-- What to do --
Each line in the material below, starting at the one that contains "Lomo saltado peruano" and ending at the one that contains "Acekool Window Air", should be repeated exactly; the pictures should not.

-- Material shown --
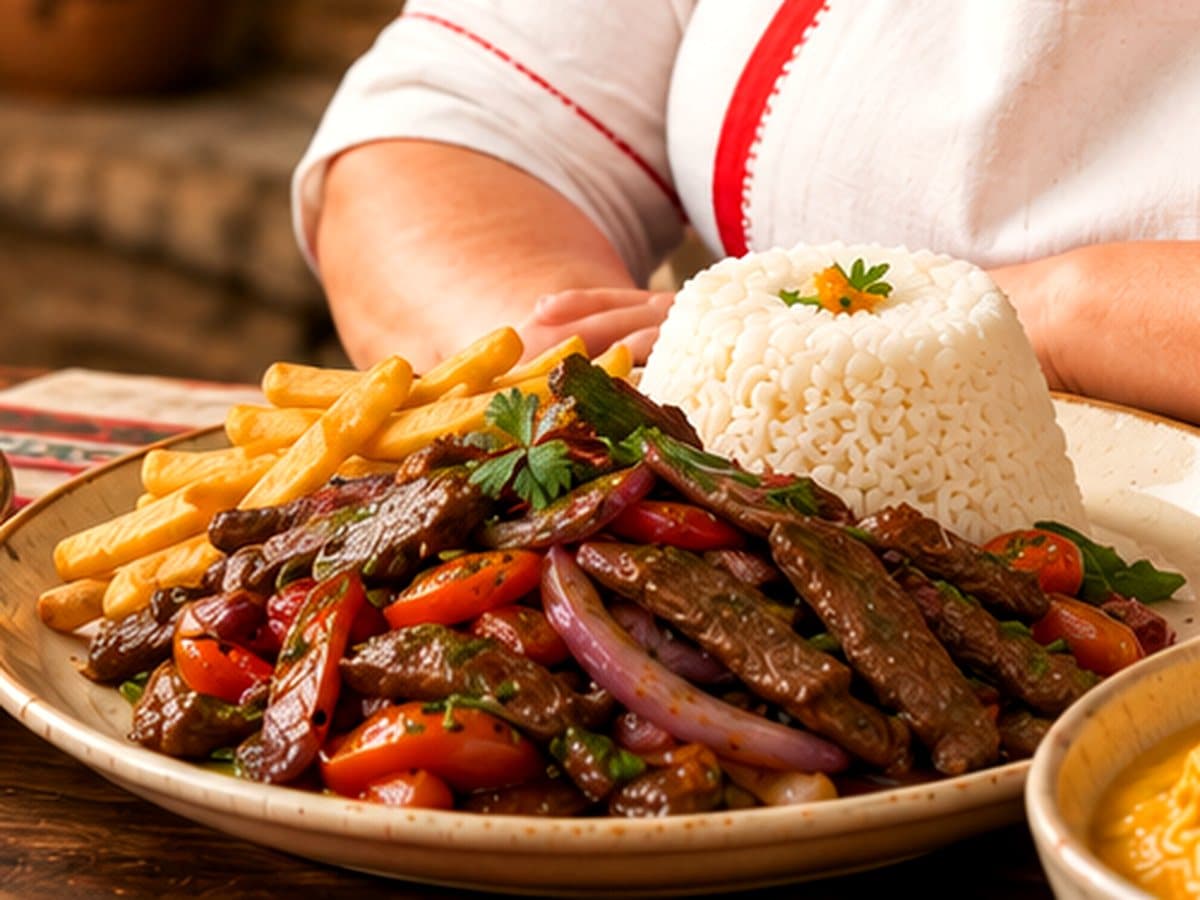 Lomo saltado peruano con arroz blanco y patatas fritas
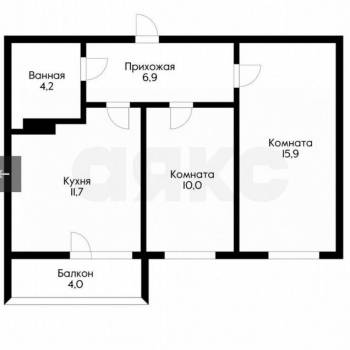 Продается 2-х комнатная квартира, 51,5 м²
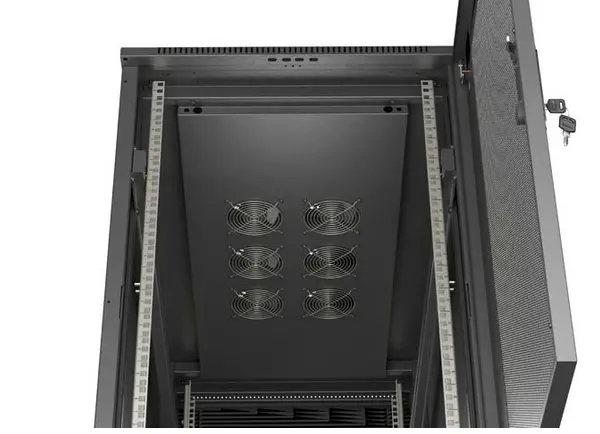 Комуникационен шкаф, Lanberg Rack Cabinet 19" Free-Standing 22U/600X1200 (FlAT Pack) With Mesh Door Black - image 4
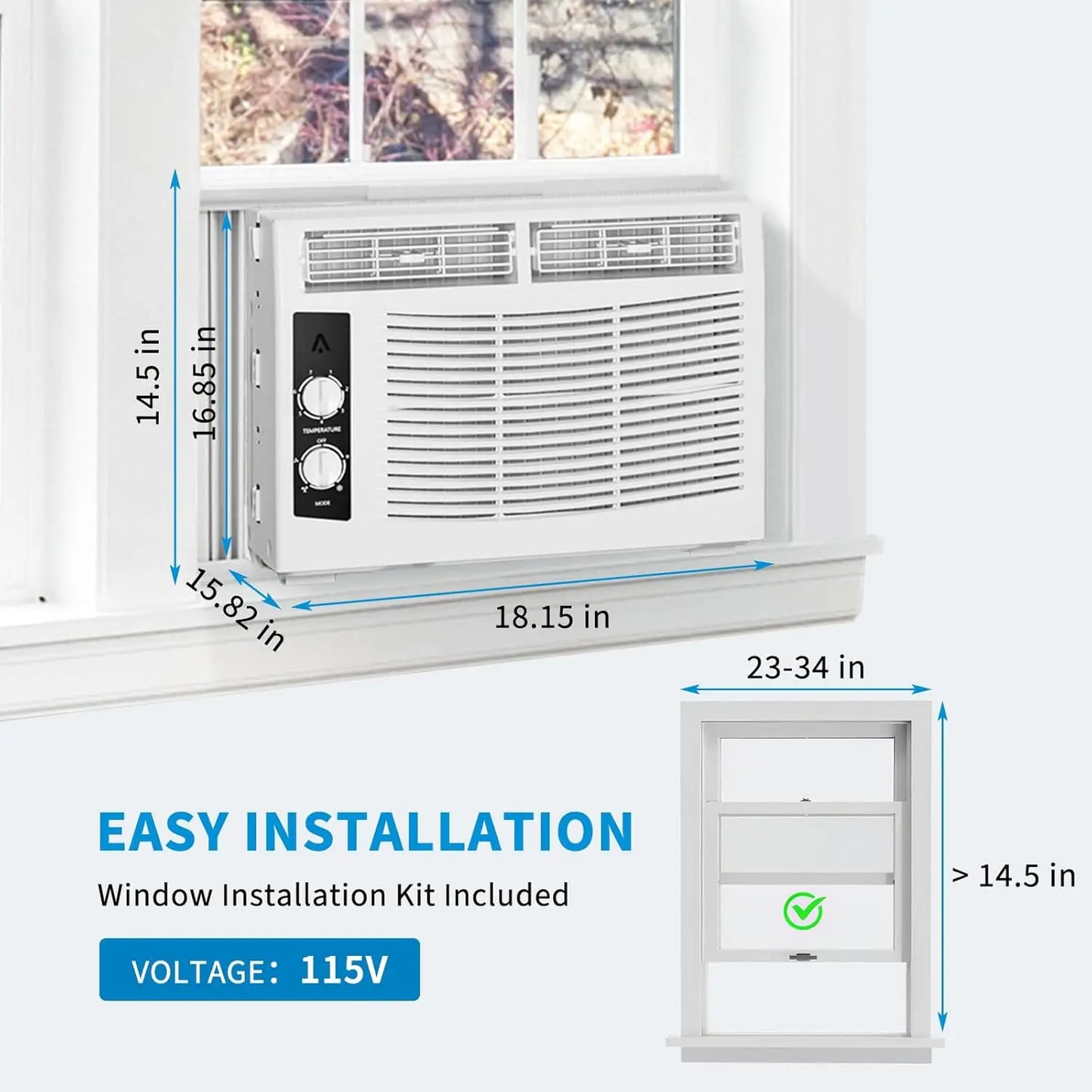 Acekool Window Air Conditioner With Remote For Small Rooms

==

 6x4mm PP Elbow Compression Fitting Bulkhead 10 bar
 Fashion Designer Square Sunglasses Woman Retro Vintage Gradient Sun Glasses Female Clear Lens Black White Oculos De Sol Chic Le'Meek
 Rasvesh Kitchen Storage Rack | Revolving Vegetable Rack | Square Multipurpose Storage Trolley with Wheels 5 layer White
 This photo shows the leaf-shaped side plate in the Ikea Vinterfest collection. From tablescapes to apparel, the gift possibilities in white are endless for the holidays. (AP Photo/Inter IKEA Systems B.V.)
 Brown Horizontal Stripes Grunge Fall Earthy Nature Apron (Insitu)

==

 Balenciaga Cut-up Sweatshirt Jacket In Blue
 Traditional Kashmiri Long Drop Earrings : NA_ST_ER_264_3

-- Written response --
 Lomo saltado peruano con arroz blanco y patatas fritas
 Продается 2-х комнатная квартира, 51,5 м²
 Комуникационен шкаф, Lanberg Rack Cabinet 19" Free-Standing 22U/600X1200 (FlAT Pack) With Mesh Door Black - image 4
 Acekool Window Air Conditioner With Remote For Small Rooms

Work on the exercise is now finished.